Their annual analysis of the state’s economy also takes a deep look at where Michigan’s under 65 population growth will come from in the coming years—international migration and the attraction and retention of college-educated young adults.
Michigan saw a 29-percent rise in the number of college-educated 25-to-34-year-olds from 2010 to 2017. And 13 of the 16 largest cities in the state surpassed the national average growth rate in attracting young adults with at least a bachelor’s degree.
International migration is forecast to make up 55 percent of Michigan’s population growth through 2025.

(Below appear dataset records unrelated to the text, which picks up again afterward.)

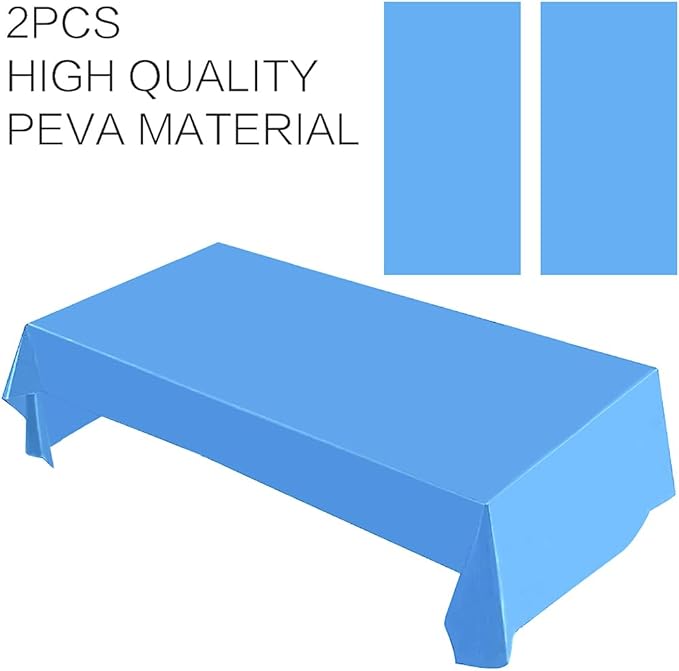 2 Packaging Light Blue Plastic Tablecloth, 54 inch x108 inch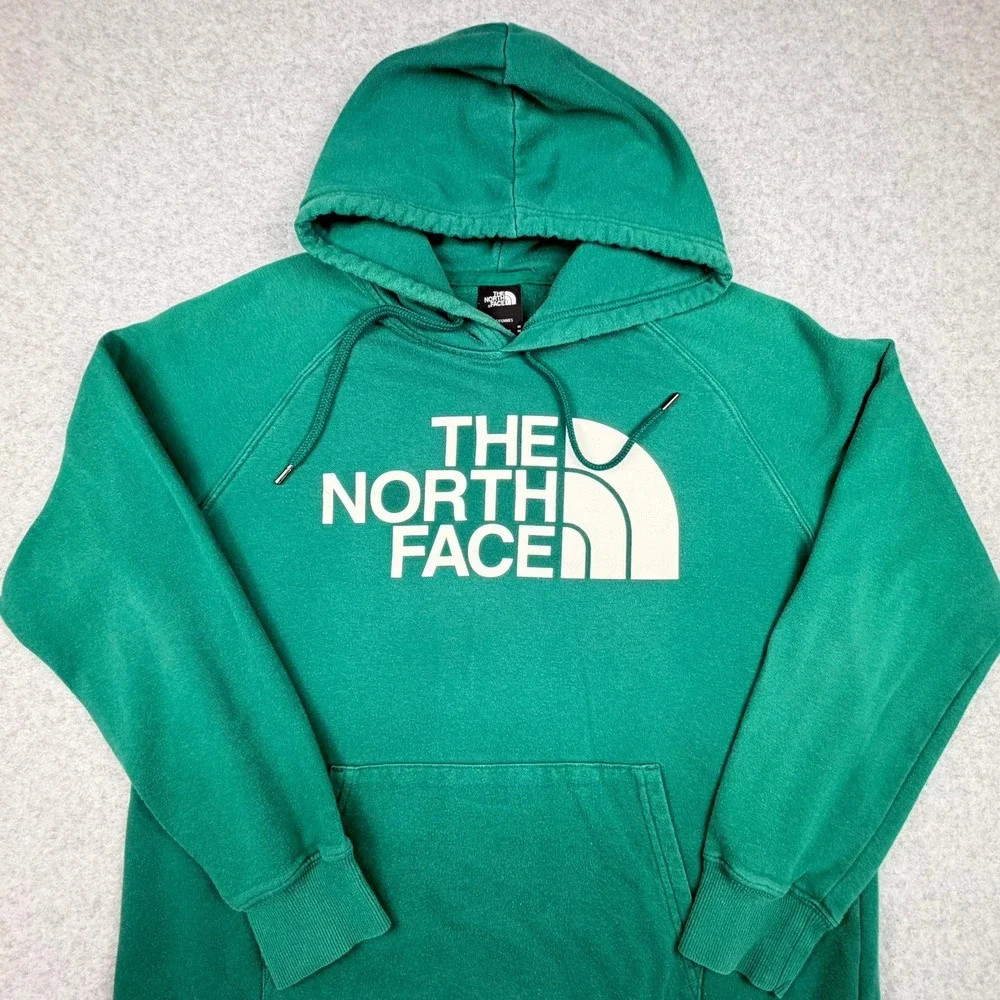 The North Face Womens Green Logo Pullover Hoodie Sweatshirt Size Medium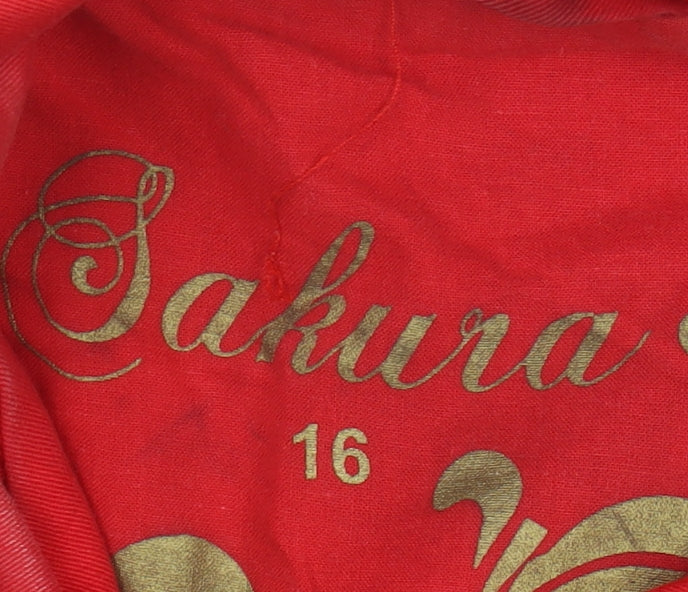 Sakura Women's Red Cotton Button Jacket Size 16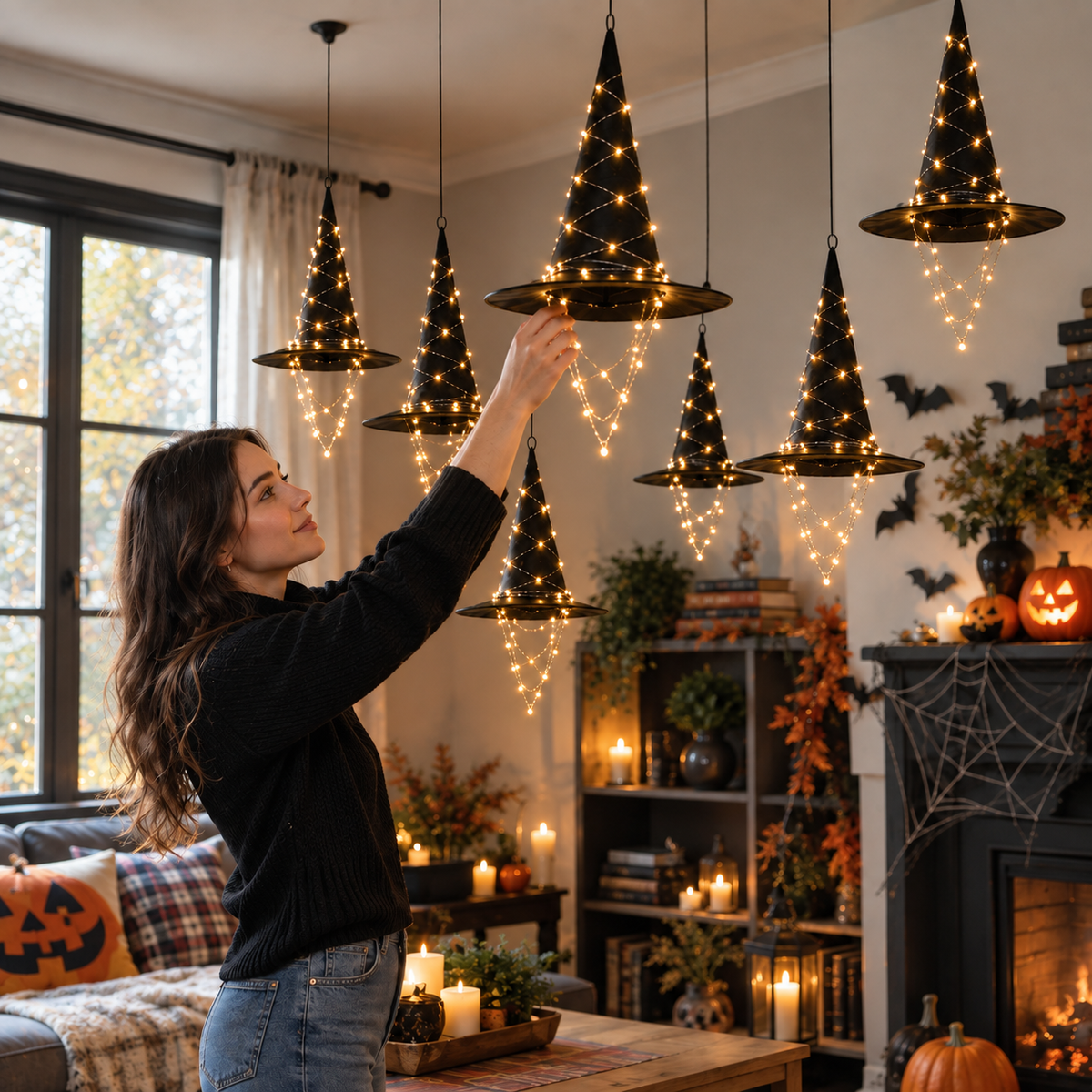 Hanging Witch Hat LED Lights – Floating Black Witch Hats for Halloween Decor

“International migration is an especially important driver of Michigan’s population growth because without it, the state’s population aged 64 or younger is projected to shrink by 200,000 residents by 2025,” Ehrlich said.
The overall 2019-20 forecast for Michigan sees steady but muted job growth, low unemployment, tame inflation and an economy that continues to diversify. Other findings include:
Jobs: The state will add 55,200 jobs in 2018, 35,800 in 2019 and 39,300 in 2020. That’s slower growth than the 1.9-percent rate the state had from 2011 to 2016.
In all, Michigan will have gained 683,200 jobs during the economic recovery from fall 2009 through the end of 2020, recouping nearly four out of five jobs lost since mid-2000.
Automotive sector: U.S. light vehicle sales have slowed from recent years, and the Detroit Three’s share of sales has also nudged down to 41.6 percent from 42 percent a year ago. U-M economists forecast sales to decline from 17.1 million this year to 16.9 million units in both 2019 and 2020. The light truck share of the market should rise from 65 percent in 2017 to 75 percent by 2020.
“All three Detroit automakers have cut their profit forecasts for 2018,” Grimes said. “Ford has claimed that the steel and aluminum tariffs could cost it up to $1 billion.”
The forecast includes 6,000 additional manufacturing jobs this year with 3,300 in 2019 and 2,200 in 2020.
Top growth sectors: Leading sectors for gains in 2018 have been construction and professional and business services, each adding 11,100 jobs in the first three quarters of the year. Health services grew by 7,400 jobs and manufacturing rose by 6,900 jobs.
The construction industry will add 8,300 jobs over the next two years; professional and business services will add 13,500 jobs by 2020.
Unemployment: Michigan’s sustained recovery will help the state’s unemployment rate creep down from an average 4.4 percent this year to 3.9 percent in 2019 and 3.8 percent in 2020.